In political organizations, the first allegiance for all employees is to the elected official for whom they work. For better or worse the elected official’s allegiance may be to party, to country, to ideology, or unfortunately in many cases, to self.
In corporate organizations, a person’s first allegiance may be to the corporation, or to supervisor. In “Miracle on 34th Street” Macy’s won when they made their first allegiance to the customer, even if that meant sending their customers to other places where they could get a “better deal”.
In an excellent research university, the faculty members, who are the university, have a set of allegiances that are challenging to understand.
Faculty members are cottage industries.
They rise or fall on the quality of their work. Even though they are supported by the state, or tuition, or large endowments in some combination, their effort is calibrated through intellectual output.
Nothing else.
In excellent universities, excellent faculty members bring prestige to the university: They teach with passion, they carry out scholarly and creative work that attracts the attention of those distant from the campus, they win awards, their students gain scholarships and other recognition that elevates both the faculty member, and in turn, the institution. This is a positive cycle that creates pressure through rising demand for excellence.

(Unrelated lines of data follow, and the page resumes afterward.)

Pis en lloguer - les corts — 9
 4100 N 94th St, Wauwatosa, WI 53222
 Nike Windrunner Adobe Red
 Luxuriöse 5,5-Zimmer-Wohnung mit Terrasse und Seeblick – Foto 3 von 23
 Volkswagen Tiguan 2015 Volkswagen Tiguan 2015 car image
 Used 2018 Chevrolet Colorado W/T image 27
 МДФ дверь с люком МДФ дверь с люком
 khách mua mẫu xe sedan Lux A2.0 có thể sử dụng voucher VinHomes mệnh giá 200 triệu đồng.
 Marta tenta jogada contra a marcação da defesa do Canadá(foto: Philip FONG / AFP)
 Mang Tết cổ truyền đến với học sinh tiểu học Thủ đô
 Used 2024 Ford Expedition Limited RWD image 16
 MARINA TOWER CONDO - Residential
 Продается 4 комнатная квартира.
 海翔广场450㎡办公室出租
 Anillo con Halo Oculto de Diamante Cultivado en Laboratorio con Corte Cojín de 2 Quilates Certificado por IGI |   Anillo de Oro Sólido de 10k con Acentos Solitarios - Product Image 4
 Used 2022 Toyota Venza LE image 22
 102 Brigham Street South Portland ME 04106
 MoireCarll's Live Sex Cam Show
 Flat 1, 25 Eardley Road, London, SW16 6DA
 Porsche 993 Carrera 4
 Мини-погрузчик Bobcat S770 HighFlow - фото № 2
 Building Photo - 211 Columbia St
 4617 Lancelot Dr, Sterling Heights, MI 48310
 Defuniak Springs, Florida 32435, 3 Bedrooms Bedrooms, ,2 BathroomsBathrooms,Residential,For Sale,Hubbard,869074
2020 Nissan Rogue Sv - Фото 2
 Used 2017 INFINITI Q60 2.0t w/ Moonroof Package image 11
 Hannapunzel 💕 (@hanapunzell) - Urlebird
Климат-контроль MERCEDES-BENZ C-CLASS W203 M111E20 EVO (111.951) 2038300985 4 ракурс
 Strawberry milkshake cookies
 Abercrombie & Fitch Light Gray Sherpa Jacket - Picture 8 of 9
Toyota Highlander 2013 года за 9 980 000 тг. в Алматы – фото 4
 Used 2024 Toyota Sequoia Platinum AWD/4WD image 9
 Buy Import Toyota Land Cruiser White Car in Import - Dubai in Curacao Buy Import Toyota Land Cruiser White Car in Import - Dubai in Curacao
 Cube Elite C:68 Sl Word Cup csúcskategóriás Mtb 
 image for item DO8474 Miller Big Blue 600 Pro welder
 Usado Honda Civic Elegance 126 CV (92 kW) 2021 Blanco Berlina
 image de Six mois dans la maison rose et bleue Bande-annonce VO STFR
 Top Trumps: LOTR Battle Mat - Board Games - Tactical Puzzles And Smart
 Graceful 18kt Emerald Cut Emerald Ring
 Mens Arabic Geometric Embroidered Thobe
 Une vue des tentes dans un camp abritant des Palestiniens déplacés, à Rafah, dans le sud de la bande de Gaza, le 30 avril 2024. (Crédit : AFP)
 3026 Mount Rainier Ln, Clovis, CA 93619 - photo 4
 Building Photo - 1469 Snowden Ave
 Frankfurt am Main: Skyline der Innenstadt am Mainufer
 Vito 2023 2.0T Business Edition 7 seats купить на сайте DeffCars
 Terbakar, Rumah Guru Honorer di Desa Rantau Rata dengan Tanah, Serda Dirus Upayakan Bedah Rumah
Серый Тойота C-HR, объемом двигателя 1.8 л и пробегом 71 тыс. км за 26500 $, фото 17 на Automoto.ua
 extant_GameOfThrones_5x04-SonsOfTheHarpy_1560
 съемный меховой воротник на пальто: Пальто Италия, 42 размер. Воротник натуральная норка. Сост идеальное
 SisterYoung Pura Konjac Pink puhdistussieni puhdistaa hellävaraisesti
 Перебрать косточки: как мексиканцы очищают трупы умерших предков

The importance of the cycle is that it begins with the faculty member. In primary or secondary schools this is not necessarily the case. Faculty members are not teachers in the sense that many use this word. Likewise, in a college or community college, the cottage industry concept is only true to a limited extent.
In research universities faculty cottage industry is the gut of the organization.
This creates special allegiances. Faculty members must have a strong relationship to the discipline they belong to. It is disciplinary excellence, recognized by peers, that allows the faculty member and university to gain prestige. While the nuances of this might be argued, it means that the allegiance of the faculty member to the university itself may be subjugated to their ties to the discipline.
Even more confounding is that the very best faculty of any university must have a strong allegiance to their own success. Remember they are cottage industries, not employees. Unfortunately in some cases – thankfully few – this translates into a form of arrogance that is hard to stomach. In most cases there is a balance attained between the passion of the faculty member and his or her service to the university, because there is a symbiotic relationship at play. Good faculty work at good universities and each values the other.
A number of things can muddy the relationship of the faculty member to his or her work. A blind allegiance to the university, especially if it is also alma mater, can create a false sense of purpose. Likewise an allegiance to a labor union may make primary concerns of the intellectual work secondary. The work of a faculty member cannot become a job.
Faculty members don’t have jobs; they are CEO’s of their enterprise. Hopefully they can excel, but they must be able to fail.
For a faculty member, allegiance to anything other than the development and sharing of insight and knowledge is a form of utility that undermines the value of the university for the greater social good. Friedrich Schiller, the German poet and philosopher understood this clearly: “Utility is the great idol of the age, to which all powers must do service and all talents swear allegiance.”
The cottage industry relationship, challenging as it is, must be part of our university.